Bagi warga kota Jakarta, tentu sudah tak
asing dengan metromini, salah satu transportasi favorit ibukota. Sekalipun
keadaan body bagian dalam babak
belur, namun warga masih mengandalkannya, termasuk saya. Sudah menjadi
kebiasaan saya, kalau bepergian arah Grogol, selalu menggunakan Metromini 91.
Saya suka naik metromini ini karena larinya laju.
Umumnya setiap metromini terdiri dari
seorang sopir dan seorang kenek. Bisa dikatakan bahwa sopir
merupakan kepalanya, sedangkan kenek adalah bawahannya. Karena
itu, sering kita dengar sopir memarahi kenek bila ada
kekeliruan; sesuatu yang tak mungkin ditemukan jika kenek marah
kepada sopir. Namun, terkadang terlihat juga bahwa kenek itu
menjadi rekan kerja sopir.
Tugas sopir hanyalah mengendarai
metromini. Dia tidak dipusingkan dengan urusan lain. Tugas lain dia serahkan
kepada rekannya. Sekalipun posisinya lebih tinggi dari keneknya,
dia taat kepada kenek jika rekannya itu memintanya untuk
berhenti saat ada penumpang turun atau naik. Karena fokus pada kemudi, maka
kebanyakan metromini lari dengan laju di antara kepadatan jalanan raya ibukota.

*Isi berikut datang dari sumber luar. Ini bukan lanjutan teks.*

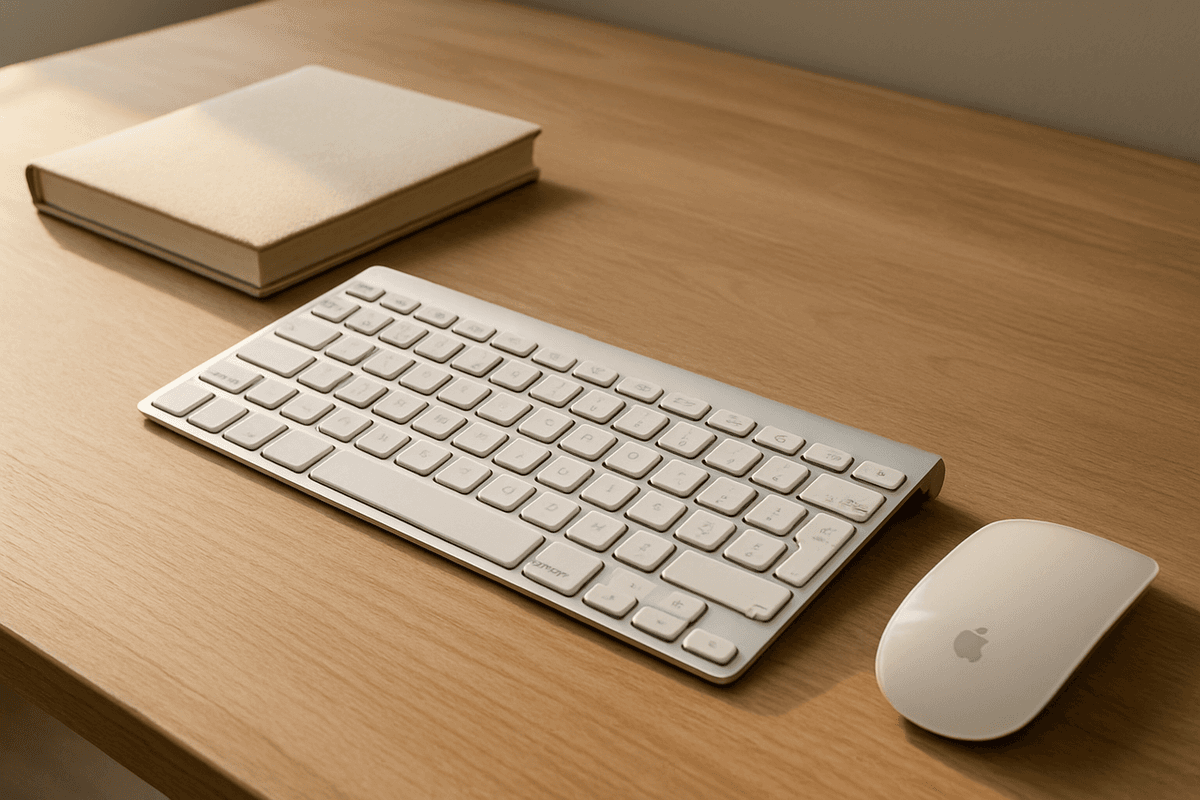 A keyboard and mouse on a tidy wooden desk in daylight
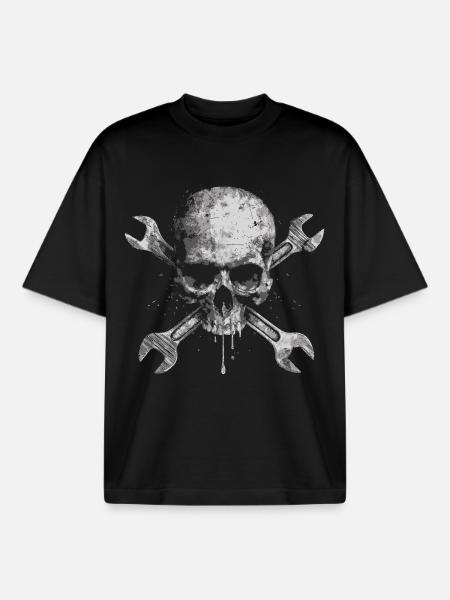 Grunge Skull with Tools - Boxy Heavyweight Unisex Organic T-Shirt by Stanley/Stella - black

Bahkan ia berani menyelip-nyelip kendaraan lain.
Tugas utama kenek ada
empat jenis. Pertama, ia mencari penumpang di jalanan dengan cara
berteriak-teriak menyebutkan tujuan metromini itu. Jika ada, segera ia
memberitahu sopir (atasannya). Kedua, membantu menaikan dan
menurunkan penumpang. Kenek yang lebih dahulu tahu penumpang
hendak turun dimana; dan ia segera menyampaikannya kepada sopir (tidak disimpan
sendiri). Ketiga, mengatur ongkos. Dia mendapat kepercayaan penuh
dari sopir untuk meminta ongkos dari penumpang. Sopir tidak curiga kalau uang
itu akan sedikit ditilep oleh rekannya. Terkait ongkos ini, ada satu hal
positif dari kenek, yaitu kejujuran. Tarif jauh - dekat
metromini adalah 3 ribu. Jika ada penumpang memberi 5 ribu, ia akan kembalikan
2 ribu (hal yang jarang ditemukan pada mikrolet). Keempat, di
tengah-tengah kemacetan lalu lintas, kenek berperan membantu
sopir untuk mencari celah agar metromininya bisa masuk.
Suatu hari, saya hendak ke Grogol. Seperti biasanya saya naik metromini. Saya setelah beberapa menit saya duduk, tidak ada orang yang datang meminta ongkos seperti biasanya. Saya coba lihat-lihat, ternyata memang metromini itu lagi tidak ada keneknya. Karena itu, semua pekerjaan ditangani sendiri oleh sopir. Dia yang melihat-lihat penumpang di jalan, dia sendiri yang menerima ongkos dan mengatur kembalian, jika penumpang memberi uang besar.